Meski tidak dapat bertemu dengan bupatinya melainkan dengan plt (pengambil alih tugas) bupatinya. Yaitu, Maryoto Birowo. Sosok yang saya ketahui selama masih bersekolah adalah orang yang sangat mudah ditemukan namanya di surat-surat ataupun hal-hal yang berkaitan dengan pendidikan di Tulungagung. Seingat saya, beliau saat itu menjabat sebagai Kepala Dinas Pendidikan Tulungagung.

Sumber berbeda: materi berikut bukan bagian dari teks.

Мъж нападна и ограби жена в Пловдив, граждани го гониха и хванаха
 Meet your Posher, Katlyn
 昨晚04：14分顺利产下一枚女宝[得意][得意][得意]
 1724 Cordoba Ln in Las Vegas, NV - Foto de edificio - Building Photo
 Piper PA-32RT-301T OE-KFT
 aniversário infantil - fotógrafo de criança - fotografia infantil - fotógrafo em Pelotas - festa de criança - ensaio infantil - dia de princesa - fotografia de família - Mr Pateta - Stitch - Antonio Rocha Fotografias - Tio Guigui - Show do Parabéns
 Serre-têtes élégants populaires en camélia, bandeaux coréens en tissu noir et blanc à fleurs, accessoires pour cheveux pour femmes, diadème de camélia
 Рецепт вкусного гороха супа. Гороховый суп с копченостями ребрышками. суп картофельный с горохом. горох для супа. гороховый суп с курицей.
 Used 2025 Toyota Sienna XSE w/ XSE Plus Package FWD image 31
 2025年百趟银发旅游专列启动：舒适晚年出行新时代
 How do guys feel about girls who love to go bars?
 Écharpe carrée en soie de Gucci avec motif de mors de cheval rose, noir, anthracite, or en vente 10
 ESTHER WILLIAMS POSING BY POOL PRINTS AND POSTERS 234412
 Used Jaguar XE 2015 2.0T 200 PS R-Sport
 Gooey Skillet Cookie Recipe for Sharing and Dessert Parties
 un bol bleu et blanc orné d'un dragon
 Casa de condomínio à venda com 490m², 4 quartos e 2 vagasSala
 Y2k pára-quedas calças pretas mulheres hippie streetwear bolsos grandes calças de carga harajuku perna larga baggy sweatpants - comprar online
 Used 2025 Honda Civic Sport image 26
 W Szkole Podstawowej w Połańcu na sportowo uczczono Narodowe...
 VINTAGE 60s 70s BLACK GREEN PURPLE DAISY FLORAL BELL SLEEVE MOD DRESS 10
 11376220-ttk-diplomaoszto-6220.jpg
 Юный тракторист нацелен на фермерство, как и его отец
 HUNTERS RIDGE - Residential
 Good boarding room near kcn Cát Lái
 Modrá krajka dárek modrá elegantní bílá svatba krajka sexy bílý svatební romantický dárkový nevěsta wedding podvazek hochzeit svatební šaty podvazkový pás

Lalu, saat halal bihalal seperti ini, saya juga akan melihat banyak makanan. Ketika masih kecil, saya juga awalnya kaget ketika melihat ada banyak makanan yang disajikan---dengan model prasmanan. Maklum, karena saya belum pernah melihat model prasmanan waktu itu. Karena, biasanya di setiap hajatan---pernikahan---yang ada di kampung, model penyajian makanannya adalah sudah siap santap. Sehingga, tidak seperti di halal bihalal ini---yang sebenarnya sudah biasa diadakan di pernikahan yang dihelat di hotel ataupun aula-aula umum.
Saya pada saat masih kecil juga sempat mendapatkan THR yang dibagikan untuk anak-anak kecil khususnya yang yatim. Kebetulan saat itu, saya mendapatkannya meski orang yang memberikan sempat bertanya pada orang di belakang saya---memastikan apakah saya masih SD. Secara perawakan badan, saya waktu itu masih bisa disebut anak SD karena berperawakan kecil (pendek). Namun, karena saya (mungkin) terlihat kalem, tenang, ataupun tidak berjingkrakan seperti anak-anak SD pada umumnya, maka saya diragukan masih SD.
Saya sudah lupa berapa nominal yang dibagikan di dalam amplop putih kecil saat itu. Namun, saya lebih merasa beruntung karena waktu itu di kampung saya, (sepertinya) hanya saya yang mendapatkannya. Sehingga, tidak hanya kenyang, saya juga bakal dapat membeli jajan selepas hari raya (hehehe).